Intermittent schedule duplication causing double flow runs
Bug summary
Description
We are experiencing intermittent schedule duplication issues where deployments randomly create duplicate scheduled runs with identical expected start times.
Observed Behavior
- Scheduled runs are duplicated with the same expected_start_time
- Issue occurs sporadically across different deployments
- Multiple flow runs are triggered for the same schedule time
- Problem appears to resolve temporarily when schedules are toggled (deactivated/reactivated)
Version info
Prefect Server: v3.4.15
Prefect Workers: v3.4.15
Kubernetes deployment using Helm charts
Additional context
Suspected Triggers
- System actions or maintenance operations on kube
- Flow redeployment processes
- Potential race conditions during schedule updates
Current Workaround
We've implemented a cleanup script that detects and fixes duplicate schedules by toggling the automation state
deployments = await client.read_deployments(
deployment_filter=DeploymentFilter(tags=DeploymentFilterTags(all_=["prd"]))
)
logger = get_run_logger()
for d in deployments:
logger.info(f"Checking deployment: {d.name} deployment id: {d.id} flow id: {d.flow_id}")

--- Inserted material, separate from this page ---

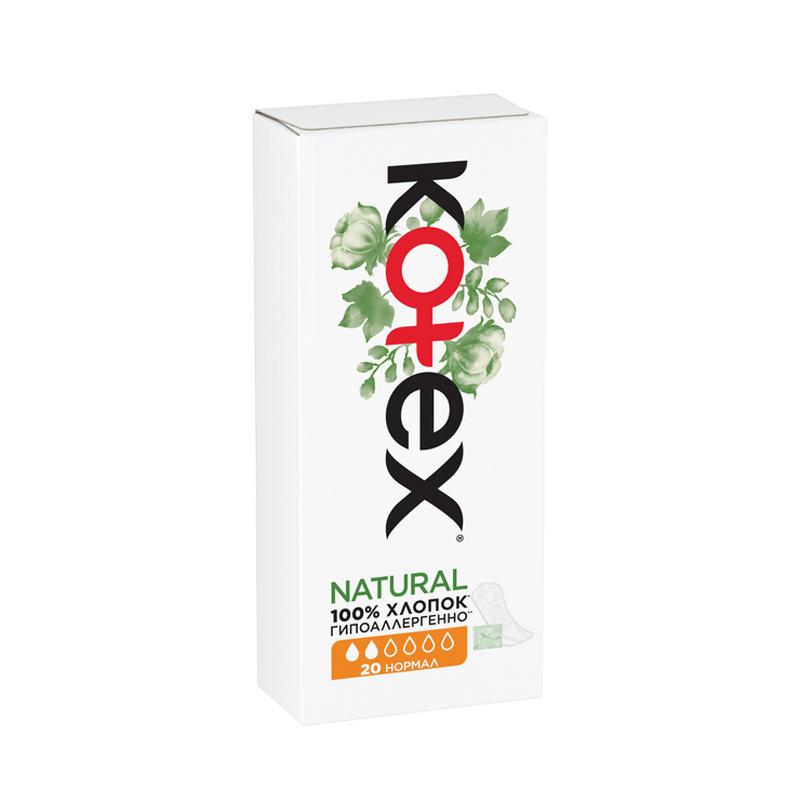 Ежедневные прокладки Kotex Natural Normal 2 капель 20 шт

scheduled_runs = await client.get_scheduled_flow_runs_for_deployments([d.id])
scheduled_run_times = []
has_double_schedule = False
for i in scheduled_runs:
if i.expected_start_time in scheduled_run_times:
has_double_schedule = True
logger.info(f"Double schedule detected for {d.name} at {i.expected_start_time}")
break
else:
scheduled_run_times.append(i.expected_start_time)
if has_double_schedule:
schedules = await client.read_deployment_schedules(d.id)

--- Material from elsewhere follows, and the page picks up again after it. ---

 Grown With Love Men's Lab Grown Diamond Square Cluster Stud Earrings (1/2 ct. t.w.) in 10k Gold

for schedule in schedules:
print(f"Restarting schedule: {schedule.id}")
await client.update_deployment_schedule(d.id, schedule.id, active=False)
await client.update_deployment_schedule(d.id, schedule.id, active=True)
Impact
- Unnecessary resource consumption from duplicate flow runs
- Potential data processing inconsistencies
- Manual intervention required to clean up duplicates
- Operational overhead from monitoring and cleanup processes
Questions
- Root Cause Analysis: What could be causing schedule duplication in Prefect 3.4.15?
- Flow Redeployment: Are there known issues with schedule duplication during deployment updates?
- Database Consistency: Could this be related to PostgreSQL transaction handling or race conditions?
- Prevention: Are there configuration settings or best practices to prevent schedule duplication?
- Detection: Is there a built-in mechanism to detect and prevent duplicate schedules?
Just to note that I've been experiencing a similar issue: sporadic duplication of schedules, with no consistent way of reproducing the issue, since at least Prefect v3.4.11.
We reported the issue via [email protected] but the team has struggled to reproduce the error (as we have too!).
We've found the same solution of toggling the schedule on and off as a workaround.
Unlike the OP, we are using Prefect Cloud, and deploying onto long-lived docker containers. Despite this difference, the problem we're experiencing appears the same. We have also been suspecting that a race condition on the schedule creation could be the root-cause.
hi @Spichon and @jwalton3141 - thanks for the reports!
@jwalton3141 do you mind explaining this?
deploying onto long-lived docker containers
do you mean you're running prefect worker start on a long-lived container? if so, what type of worker? not sure that'd it'd matter as far as the issue here, just curious as we work on a reliable reproduction
this is a bug that has appeared before, I'll try to track that down for reference
we'll look into this!
EDIT: possibly related
- https://github.com/PrefectHQ/prefect/issues/17281
- https://github.com/PrefectHQ/prefect/issues/17538#issuecomment-3141012479
- https://github.com/PrefectHQ/prefect/issues/18523
Thanks @zzstoatzz!
@jwalton3141 do you mind explaining this?
We're doing something similar to what is outlined in the docs here.
Unlike the example in the docs, we're using the prefect.serve() function, not the .deploy() or .serve() methods, to create our deployments.
We're constructing our schedules using prefect.schedules.Cron(), as we want to set the timezone on the schedules.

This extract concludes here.